-------- Exercise material

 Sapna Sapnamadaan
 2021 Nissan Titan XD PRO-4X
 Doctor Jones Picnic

----------------
-------- Exercise material

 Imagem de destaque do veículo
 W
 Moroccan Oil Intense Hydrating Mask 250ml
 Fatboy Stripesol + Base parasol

----------------

### [Activity]
Above are the records; from them, give again exactly the lines from the one containing "Sapna Sapnamadaan" through the one containing "Doctor Jones Picnic", both included.

### [Reply]
 Sapna Sapnamadaan
 2021 Nissan Titan XD PRO-4X
 Doctor Jones Picnic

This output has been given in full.